Há cerca de um ano e meio, a empresa opera com um produto comercial, voltado ao trabalho no setor sucroenergético, em nível nacional. “Realizamos aplicações onde couber a direção autônoma, fazendo o ajuste das bitolas do caminhão para trafegar nas plantações com precisão”, afirma Belei.
Para Marcos Andrade, gerente de marketing e estratégia de caminhões da Mercedes-Benz, a tendência do transporte é conseguir uma solução eficiente. “Nós, como produtores do caminhão, demos o suporte para adequá-lo da forma mais perfeita para aquela aplicação e eles chegaram com a solução ideal. Começou com a cana, com planos de vendas crescentes nos próximos anos. Nosso foco é na agricultura de precisão em ambiente fechado, mineração e agronegócio de alta precisão”, comenta Andrade.
Os veículos adaptados são o Axor e o Atego, que tiveram mudanças com eixo adicional, ajuste das bitolas, nova suspensão e pneus adequados. “É uma inteligência brasileira simples, de resultados imediatos e eficientes, com precisão de 2,5 cm na lavoura”, afirma o gerente da Mercedes.
As expectativas são otimistas. A Granner tem 16 equipamentos já em operação, além de 50 em negociação em setembro e com previsão de vender outros 150 equipamentos no primeiro semestre de 2020. Além do setor agro, estuda-se a logística de sistemas de direção autônoma em áreas fechadas, como na manobra de docas, o que segundo Belei tem grande potencial.
O Laboratório de Robótica Móvel (LRM) do Instituto de Ciências Matemáticas e de Computação (ICMC) da USP em São Carlos fez experimentos com um modelo Scania. O professor Fernando Osório, que liderou os trabalhos, afirma que há condições para ter caminhões e carros autônomos, mas ainda é preciso evoluir.
“Em ambiente urbano ainda há a questão da circulação de pessoas, a questão de detectar pedestres deve ser mais desenvolvida”. Na parceria com a Scania, os testes foram feitos no campus da universidade.

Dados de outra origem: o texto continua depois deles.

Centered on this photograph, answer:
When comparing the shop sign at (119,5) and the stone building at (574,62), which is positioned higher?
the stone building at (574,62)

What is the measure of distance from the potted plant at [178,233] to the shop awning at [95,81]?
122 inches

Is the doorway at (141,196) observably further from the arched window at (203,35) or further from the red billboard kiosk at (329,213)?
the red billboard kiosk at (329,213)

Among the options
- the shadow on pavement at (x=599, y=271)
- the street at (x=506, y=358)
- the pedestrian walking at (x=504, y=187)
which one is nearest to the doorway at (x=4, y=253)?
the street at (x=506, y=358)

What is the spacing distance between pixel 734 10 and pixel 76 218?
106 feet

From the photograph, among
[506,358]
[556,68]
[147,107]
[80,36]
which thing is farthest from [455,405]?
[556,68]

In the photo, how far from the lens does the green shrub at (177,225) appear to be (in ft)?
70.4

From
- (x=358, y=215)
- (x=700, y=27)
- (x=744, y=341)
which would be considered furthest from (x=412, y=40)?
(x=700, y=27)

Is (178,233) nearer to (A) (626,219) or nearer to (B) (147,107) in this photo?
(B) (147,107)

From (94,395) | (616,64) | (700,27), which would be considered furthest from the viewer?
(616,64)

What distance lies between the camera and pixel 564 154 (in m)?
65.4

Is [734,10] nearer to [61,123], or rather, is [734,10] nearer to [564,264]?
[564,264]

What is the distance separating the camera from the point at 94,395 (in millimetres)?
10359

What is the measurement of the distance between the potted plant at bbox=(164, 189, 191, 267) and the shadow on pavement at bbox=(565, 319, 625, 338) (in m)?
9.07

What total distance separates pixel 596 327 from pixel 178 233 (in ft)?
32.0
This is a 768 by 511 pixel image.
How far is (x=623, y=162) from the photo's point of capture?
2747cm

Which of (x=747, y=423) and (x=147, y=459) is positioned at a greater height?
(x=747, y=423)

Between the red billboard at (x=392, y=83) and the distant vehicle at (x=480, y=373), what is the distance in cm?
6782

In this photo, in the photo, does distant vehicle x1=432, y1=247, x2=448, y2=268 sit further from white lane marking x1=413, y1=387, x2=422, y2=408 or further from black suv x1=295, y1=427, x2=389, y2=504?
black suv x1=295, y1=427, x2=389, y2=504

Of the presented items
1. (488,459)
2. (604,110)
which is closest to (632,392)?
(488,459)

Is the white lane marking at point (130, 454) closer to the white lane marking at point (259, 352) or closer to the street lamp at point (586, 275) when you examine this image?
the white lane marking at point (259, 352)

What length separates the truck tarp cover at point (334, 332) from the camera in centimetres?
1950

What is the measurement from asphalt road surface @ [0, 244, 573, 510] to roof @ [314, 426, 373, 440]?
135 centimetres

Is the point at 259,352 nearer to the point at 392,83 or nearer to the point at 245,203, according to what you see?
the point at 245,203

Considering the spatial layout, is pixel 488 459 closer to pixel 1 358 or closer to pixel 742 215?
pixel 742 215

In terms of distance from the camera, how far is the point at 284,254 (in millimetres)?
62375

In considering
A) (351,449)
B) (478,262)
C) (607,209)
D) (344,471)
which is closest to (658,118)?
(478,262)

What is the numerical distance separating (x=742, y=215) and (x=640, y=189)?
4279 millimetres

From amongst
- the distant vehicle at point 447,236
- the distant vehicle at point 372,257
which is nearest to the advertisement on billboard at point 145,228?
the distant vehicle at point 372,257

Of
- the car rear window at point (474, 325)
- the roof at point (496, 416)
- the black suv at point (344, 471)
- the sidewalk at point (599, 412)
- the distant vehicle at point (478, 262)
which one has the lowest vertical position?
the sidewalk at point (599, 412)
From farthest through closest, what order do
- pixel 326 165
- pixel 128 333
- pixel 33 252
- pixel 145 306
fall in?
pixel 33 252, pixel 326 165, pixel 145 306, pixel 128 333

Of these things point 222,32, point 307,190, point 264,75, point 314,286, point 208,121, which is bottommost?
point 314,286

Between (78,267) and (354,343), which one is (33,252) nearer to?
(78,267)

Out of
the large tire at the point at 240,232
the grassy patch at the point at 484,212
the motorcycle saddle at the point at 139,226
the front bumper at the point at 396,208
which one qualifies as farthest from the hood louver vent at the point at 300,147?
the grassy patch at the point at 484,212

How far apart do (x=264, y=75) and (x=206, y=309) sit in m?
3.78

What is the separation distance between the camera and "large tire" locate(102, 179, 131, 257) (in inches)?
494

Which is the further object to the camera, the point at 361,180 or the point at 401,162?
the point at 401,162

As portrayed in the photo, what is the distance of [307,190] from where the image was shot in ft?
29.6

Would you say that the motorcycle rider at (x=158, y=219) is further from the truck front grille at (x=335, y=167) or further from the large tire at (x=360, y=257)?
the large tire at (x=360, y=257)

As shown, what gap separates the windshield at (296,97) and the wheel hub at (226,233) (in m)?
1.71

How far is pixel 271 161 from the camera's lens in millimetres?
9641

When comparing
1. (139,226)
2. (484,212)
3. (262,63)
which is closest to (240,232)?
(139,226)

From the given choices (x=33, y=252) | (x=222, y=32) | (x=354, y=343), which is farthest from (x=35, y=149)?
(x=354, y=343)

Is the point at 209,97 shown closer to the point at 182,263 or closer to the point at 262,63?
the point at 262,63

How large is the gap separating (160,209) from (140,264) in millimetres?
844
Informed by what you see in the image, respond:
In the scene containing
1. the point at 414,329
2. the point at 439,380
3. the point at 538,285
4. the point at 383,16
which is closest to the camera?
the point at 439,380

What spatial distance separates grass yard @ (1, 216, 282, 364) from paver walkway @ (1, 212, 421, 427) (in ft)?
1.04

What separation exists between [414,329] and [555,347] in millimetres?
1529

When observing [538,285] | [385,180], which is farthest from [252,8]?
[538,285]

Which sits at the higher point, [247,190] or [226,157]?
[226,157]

Outros desafios envolvem legislação, atrasada no Brasil em relação a outros países, o elevado custo dos desenvolvimentos aqui, levando em conta que boa parte dos equipamentos é importada, e enfrentar a rejeição de um público não informado, que acredita que esse tipo de tecnologia levará à redução de empregos. “Mas sempre haverá um co-piloto habilitado nesses veículos”, esclarece o professor Osório.